PRINCETON JUNCTION, NJ -- State governments should strongly consider using smart card technology to comply with the requirements of the federal REAL ID Act, the Smart Card Alliance Identity Council states in a new position paper. The reason: smart cards are highly secure, privacy-sensitive and reliable, advantages that have been proven in numerous existing ID programs worldwide.
"Considering all of the requirements of the REAL ID Act, and the importance of protecting our country from terrorist acts, smart cards represent the most realistic, proven and reliable technology for verifying the identity of individuals while also protecting their vital personal information," said Randy Vanderhoof, executive director of the Smart Card Alliance. "We created this position paper to set down in one place all of the advantages smart card technology would bring to the states issuing driver's licenses to comply with the REAL ID Act."
The paper, entitled "Why Real ID Cards Should Be Based on Smart Card Identification Technology," explains the advantages of using smart cards as the underlying technology for driver's licenses issued to comply with the REAL ID Act, advantages that are already accepted by the federal government in numerous programs currently underway. These include the Personal Identity Verification (PIV) card for federal employees and contractors, the U.S. ePassport and the Department of Homeland Security's Registered Traveler and Transportation Workers Identification Credential (TWIC) programs.

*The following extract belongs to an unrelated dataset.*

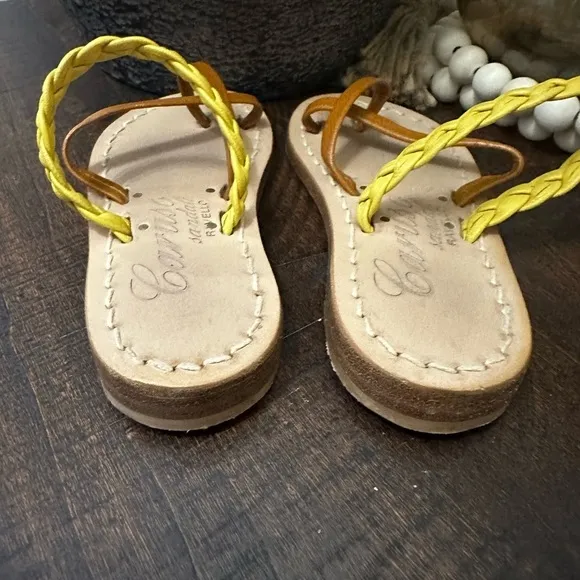 Caruso Sandali Ravello Italian Sandals Girls Sz 25 8 Gold Double Strap Flat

The REAL ID Act of 2005 stipulates that federal agencies cannot accept a driver's license or any other state-issued card for identification purposes after May 11, 2008, unless the state meets the requirements of the Act. These include verification of supporting documentation for ID issuance, use of a common machine-readable technology in the IDs and use of physical security features designed to prevent tampering, counterfeiting or duplication for fraudulent purposes. To meet these goals, smart cards have a number of advantages over other ID and authentication technologies, such as magnetic stripe, printed bar code, optical, or radio frequency identification, including:
-- Strong authentication of identity. In order to authenticate the cardholder to the identity document, smart card technology provides support for both personal identification numbers and biometrics, as well as other features for visual identity verification.
-- Strong ID credential security. Sensitive data can be encrypted both on the smart card and during communications with the external reader. Digital signatures can be used to ensure data integrity and to authenticate the card and the credentials it contains, with multiple signatures required if different authorities create the data.
-- Strong ID card security. When used with other technologies such as public key cryptography and biometrics, smart cards are almost impossible to duplicate or forge. Data stored in the chip can't be modified without proper authorization (a password, biometric authentication or cryptographic access key).
-- Strong support for privacy. The card's unique ability to verify the authority of the information requestor and its strong card and data security make it an excellent guardian of the cardholder's personal information. Information embedded on the chip can be protected so that it cannot be surreptitiously scanned, skimmed, or obtained without the knowledge of the user.